━━━━━ Data for the task

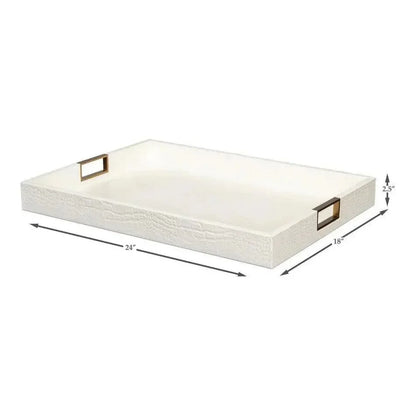 Norton Croco Leather and Brass Ivory Tray - LOOMLAN - Sarreid - Trays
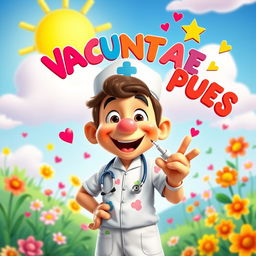 A vibrant Disney-Pixar style movie poster featuring a joyful character inspired by El Chavo del Ocho, dressed as a cheerful nurse administering vaccines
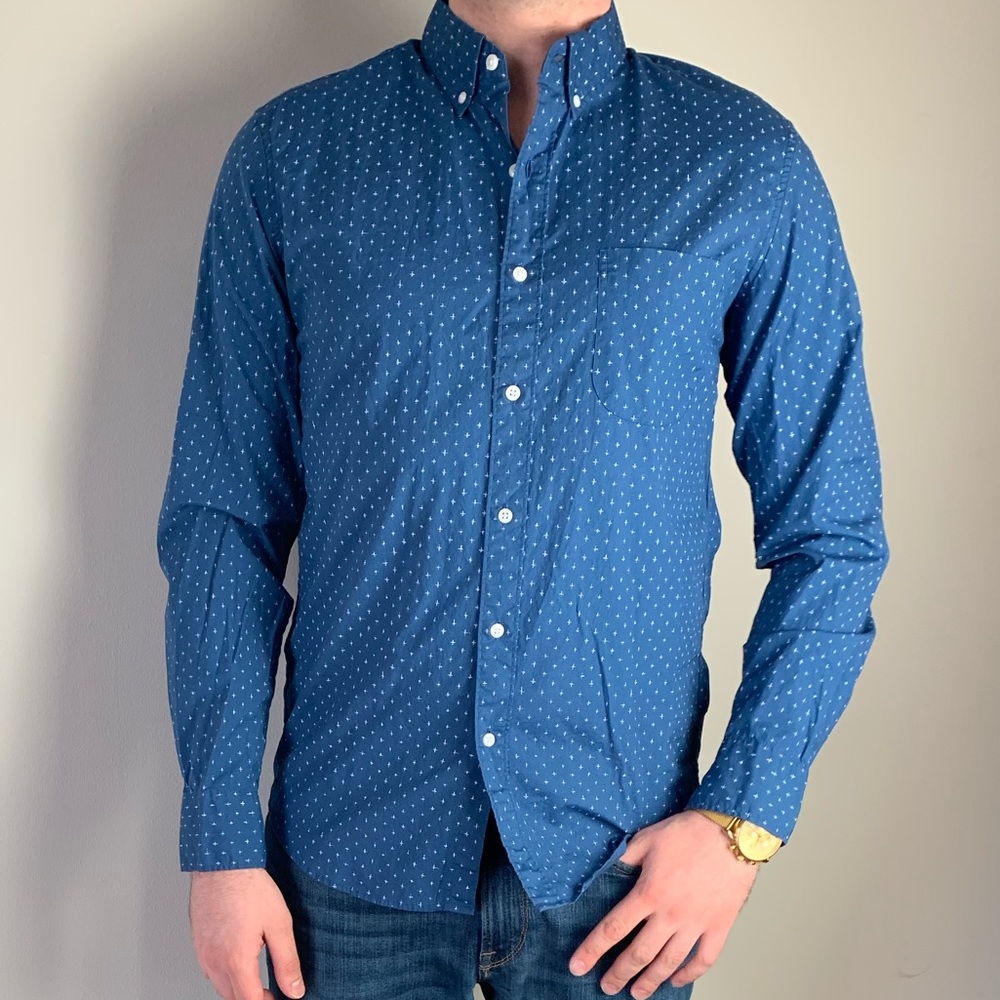 J. Crew Blue Pattern Casual Button Down Shirt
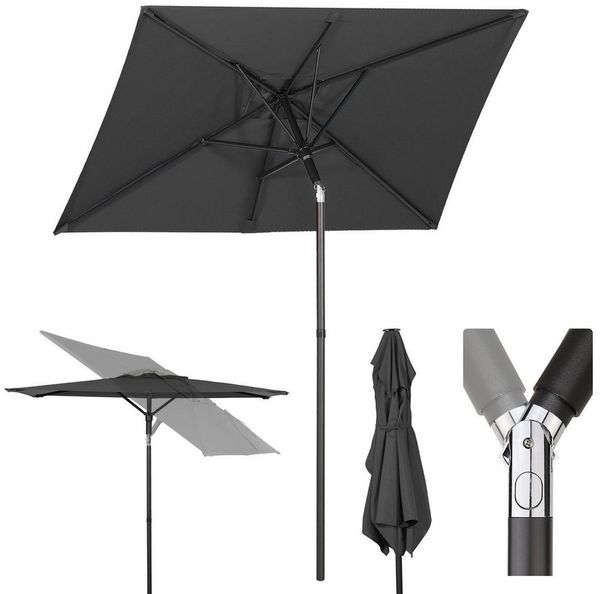 Sekey Balkonschirm 180x130 cm Sonnenschirm Rechteckiger Terassenschirm, UPF 50+, LxB: 180,00x130,00 cm, Kippbar, Lüftungsschlitz, rechteckig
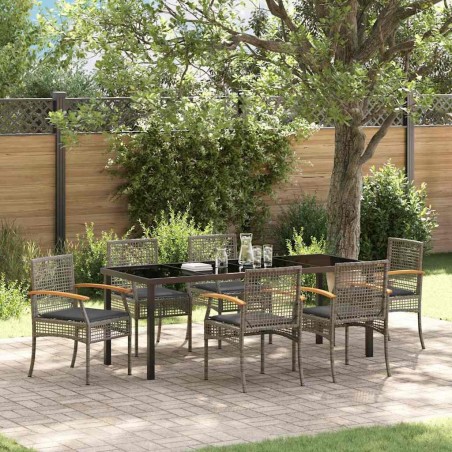 Ensemble de salle à manger pour jardin 7 pcs Gris et Noir Rotin 563273563273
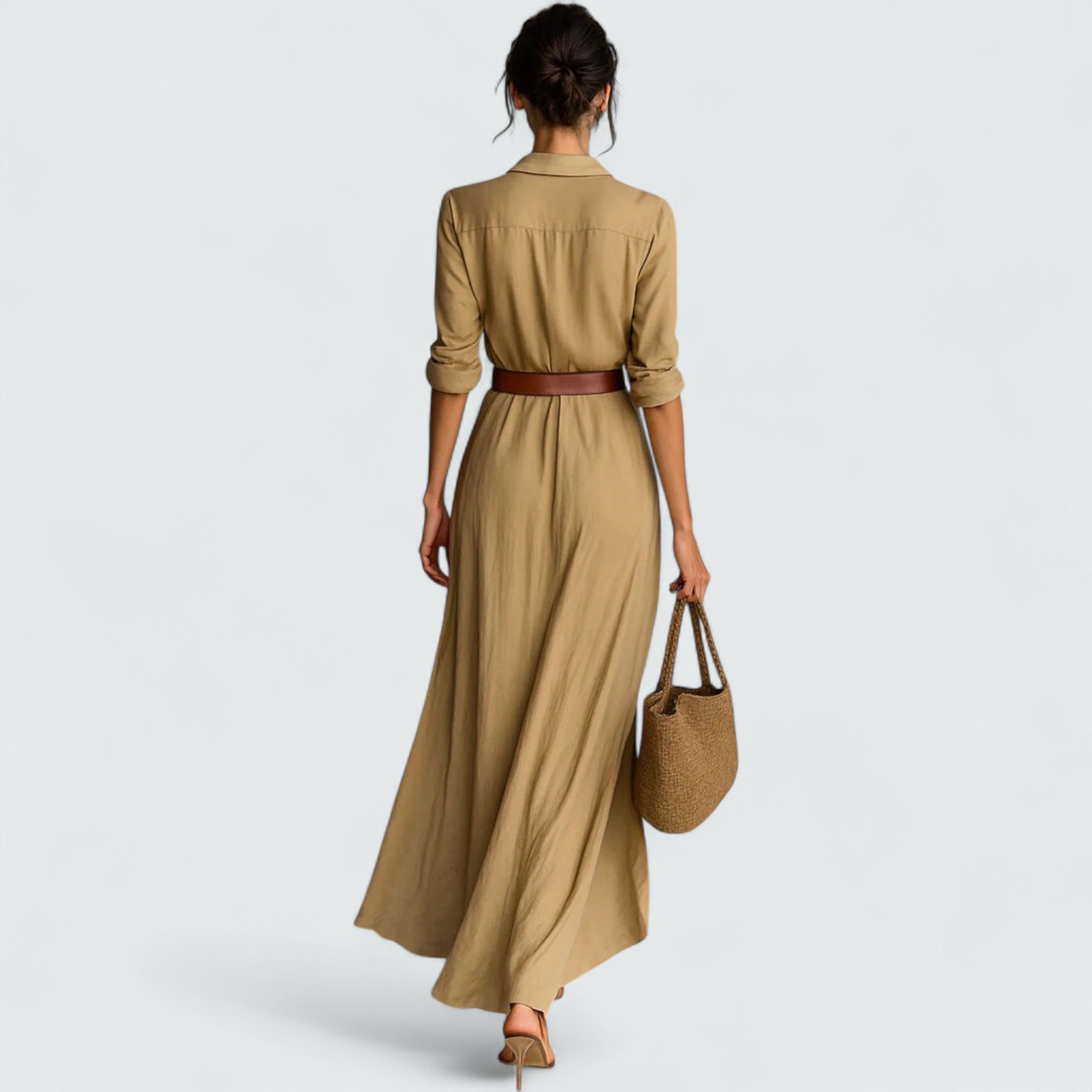 Pia™ | Vestido largo de mangas largas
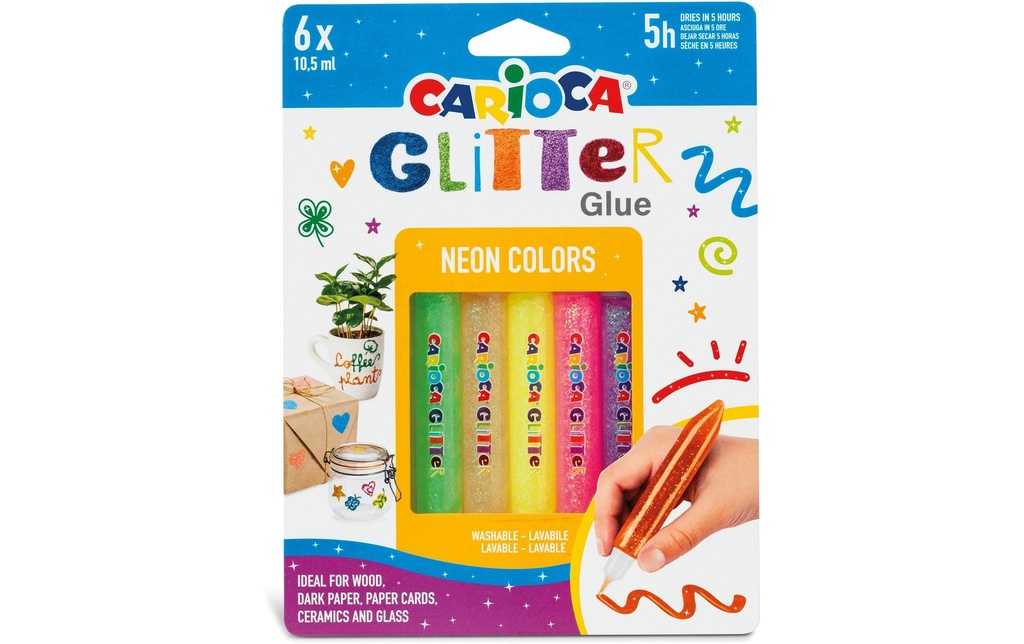 CARIOCA Colle Glitter 6x10.5ml Flu (6 pces)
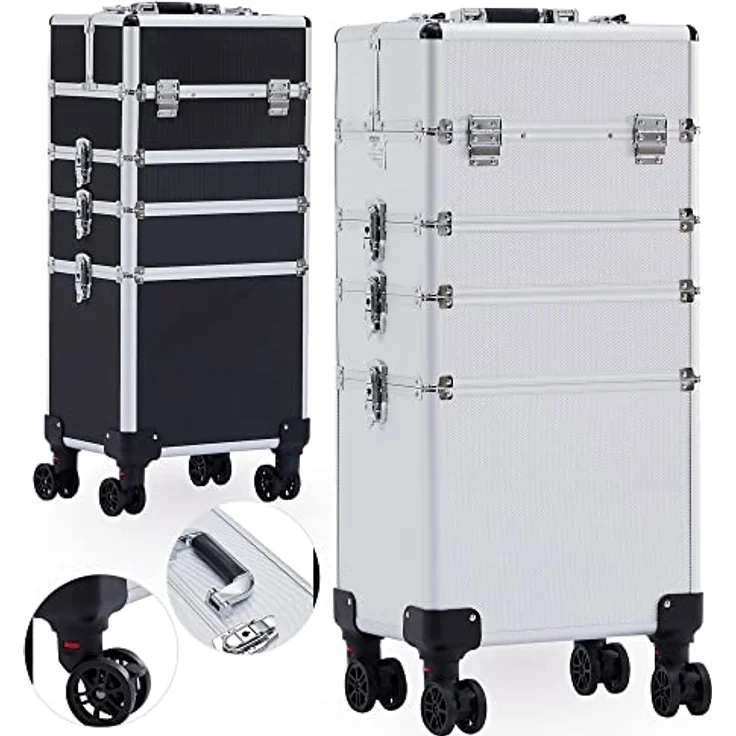Arebos 4-in-1 Kosmetikkoffer | 4 Fächer & 1 Schublade | Teleskop- und Tragegriff | 8 Schlösser | 4X 360°-Rollen | Samtfutter | Trolley | Make-Up Koffer | Silber – Bild 1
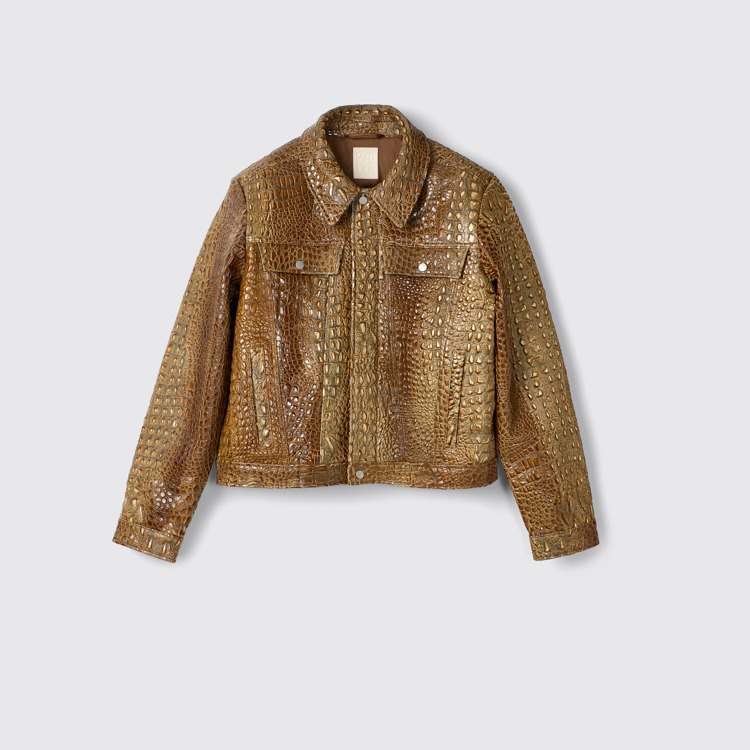 Leather Jacket Veste en cuir marron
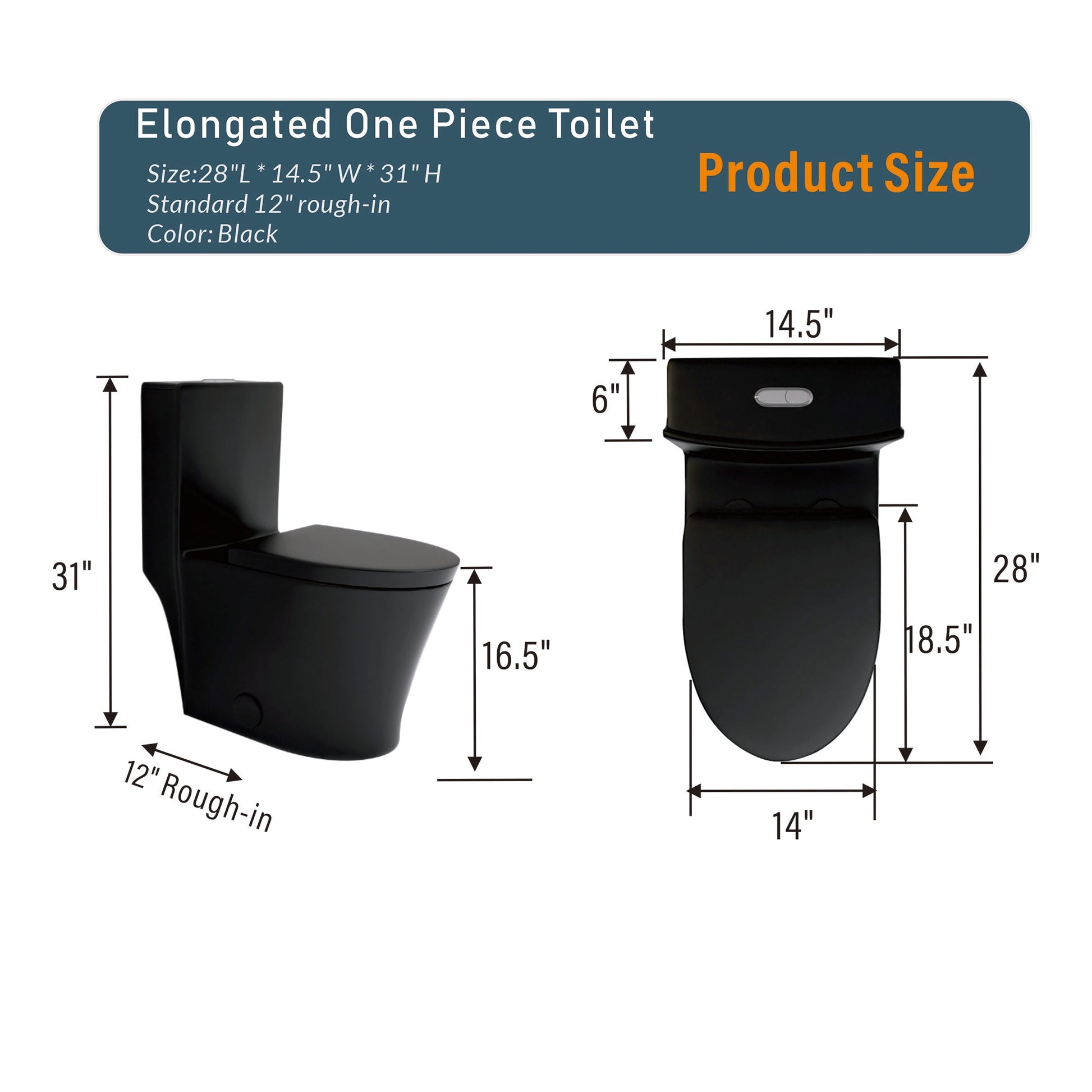 Matte Black Elongated One Piece Toilet Dual Flush 1.1/1.6 GPF Water Saving Map 1000g,Matte Black - Korvel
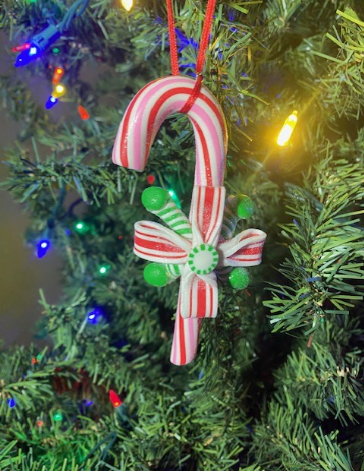 Kurt Adler Candy Cane Ornament - Red and White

━━━━━━━━━━

Your answer should be the lines above, word for word, from the line with "CARIOCA Colle Glitter 6x10.5ml Flu (6 pces)" through the line with "Leather Jacket Veste en cuir marron", minus the pictures.

 CARIOCA Colle Glitter 6x10.5ml Flu (6 pces)
Arebos 4-in-1 Kosmetikkoffer | 4 Fächer & 1 Schublade | Teleskop- und Tragegriff | 8 Schlösser | 4X 360°-Rollen | Samtfutter | Trolley | Make-Up Koffer | Silber – Bild 1
 Leather Jacket Veste en cuir marron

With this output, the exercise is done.